The light is everywhere.

Rubin's reeling body is seized by the jelly and thrust against the submersible as Weaver tries to flee. The organism is coming at her from both sides, from all directions simultaneously, above and below. It pushes up to the boat, wrapping itself round Rubin, solidifying, and Weaver screams—

The boat has been released.

The jelly withdraws as fast as it approached. It backs right off. If any human emotion could be used to approximate the collective's reaction, it would be dismay.

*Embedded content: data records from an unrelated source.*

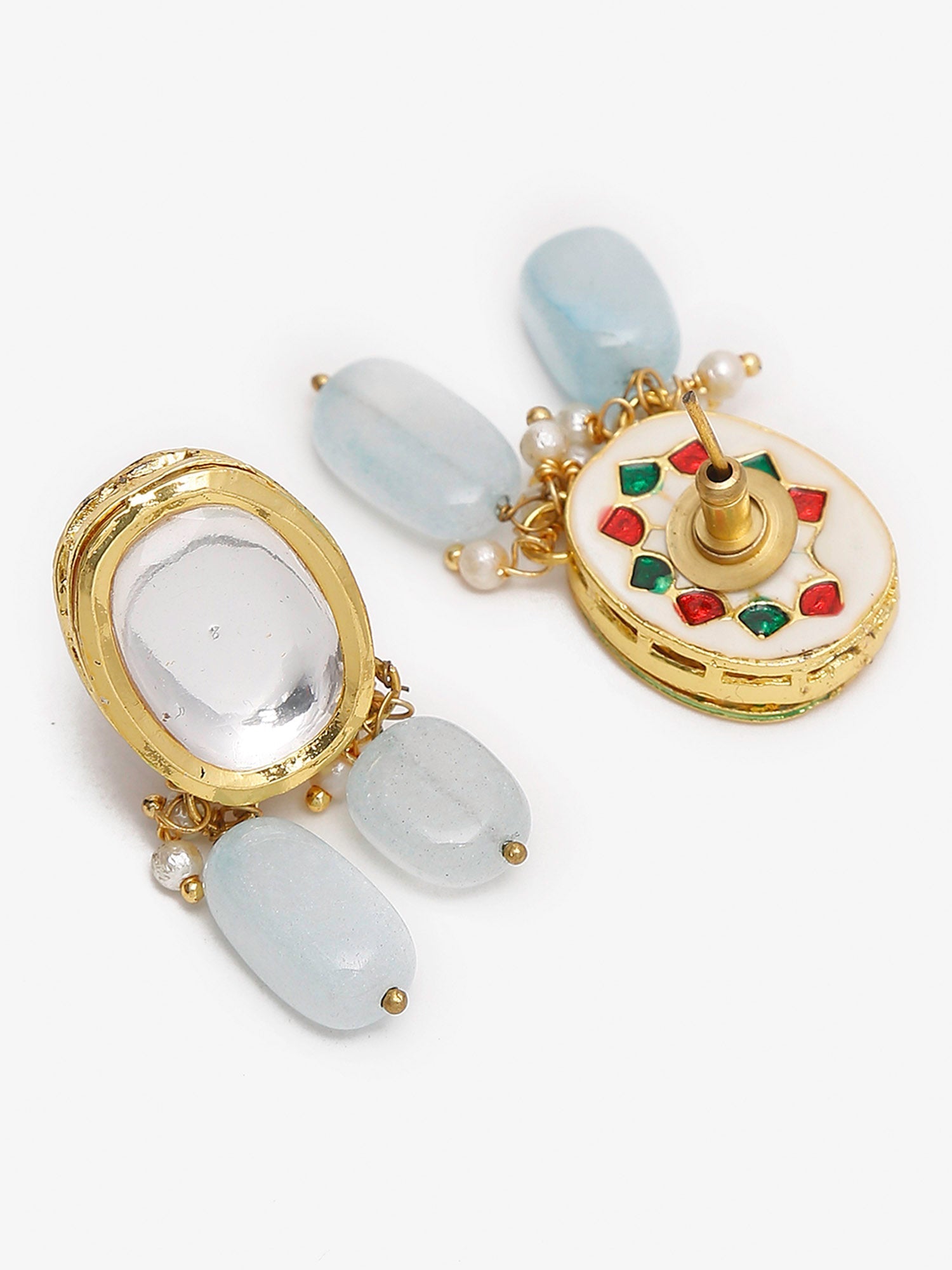 Gold-Plated White Blue Kundan-Studded Pearl Beaded Handcrafted Jewellery Set - Ruby Raang - Grab2buy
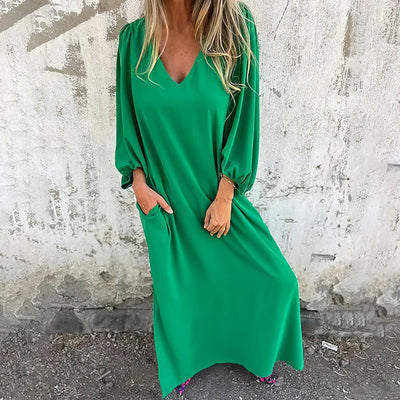 LIVIA | Langes Bohemian-Kleid mit Taschen und stylischem Schnitt 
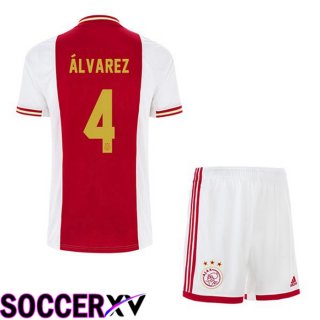 AFC Ajax (Álvarez 4) Kids Home Jersey White Red 2022 2023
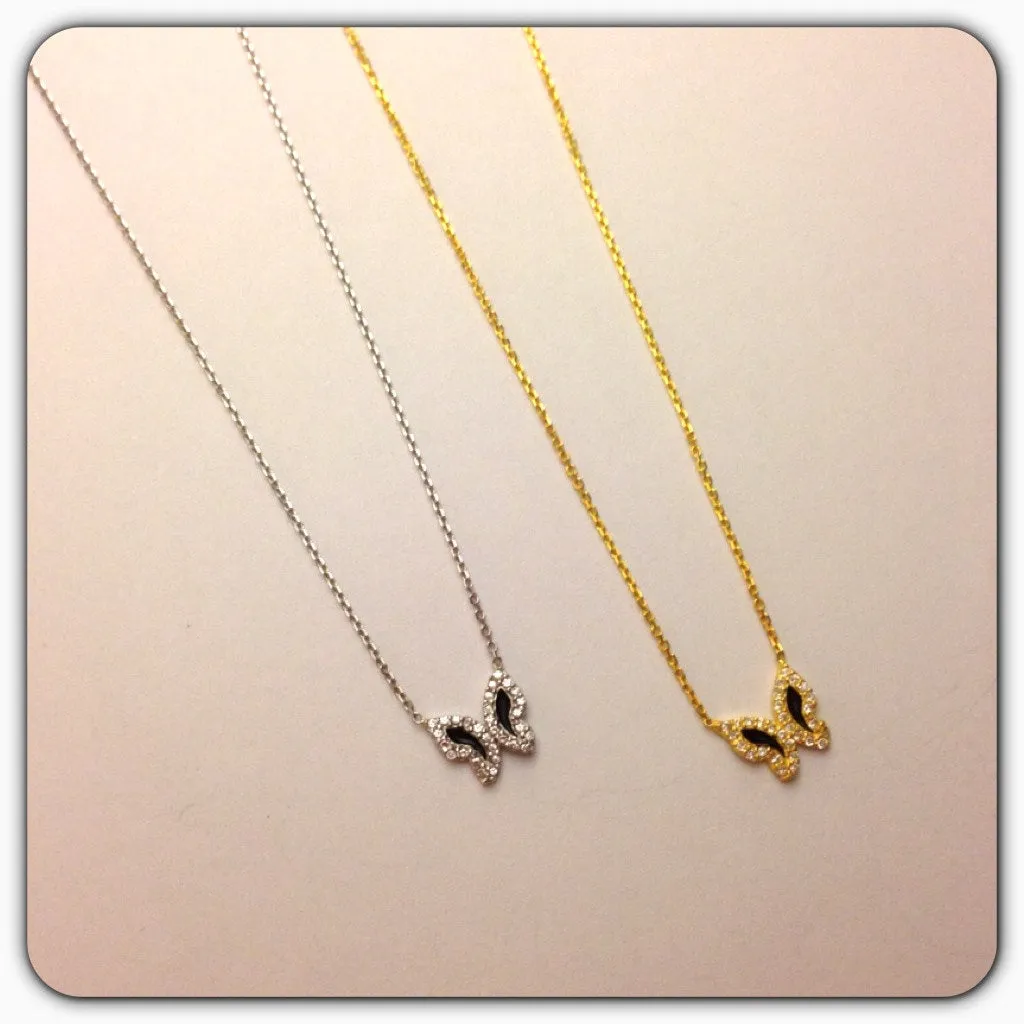 Onyx Butterfly Necklace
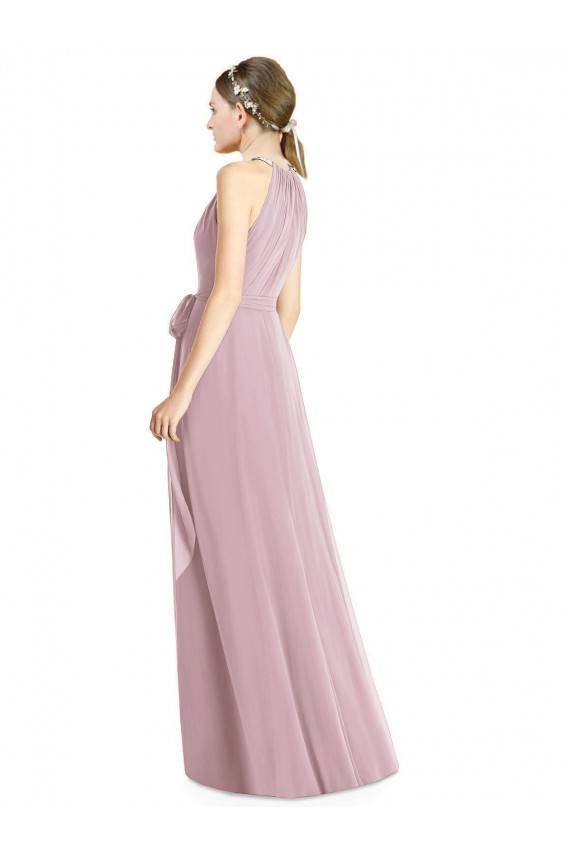Best Shirred Halter Neck Long Chiffon Bridesmaid Dress UK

Weaver realises that she's whimpering.

The blue glow still surrounds her. Blurred lightning scuds through the mass of jelly, which walls in the boat like an enormous rampart, stretching up as far as she can see. She turns her head and looks into Rubin's crushed face, faintly illuminated by the lights on the control panel. The contracting jelly has squashed him against the side of the view dome, and he stares at her through two dark holes. Hydrostatic pressure has forced out his eyeballs. Dark fluid seeps out of the cavities, then the body detaches itself slowly from the boat and falls into the night. Now he is just a shadow against the illuminated backdrop, body spinning in curious movements as though he were dancing slowly and awkwardly in honour of some heathen God.

Weaver is hyperventilating. She has to force herself to stay calm. Under any other circumstances she would have felt sick, but she can't afford feelings now.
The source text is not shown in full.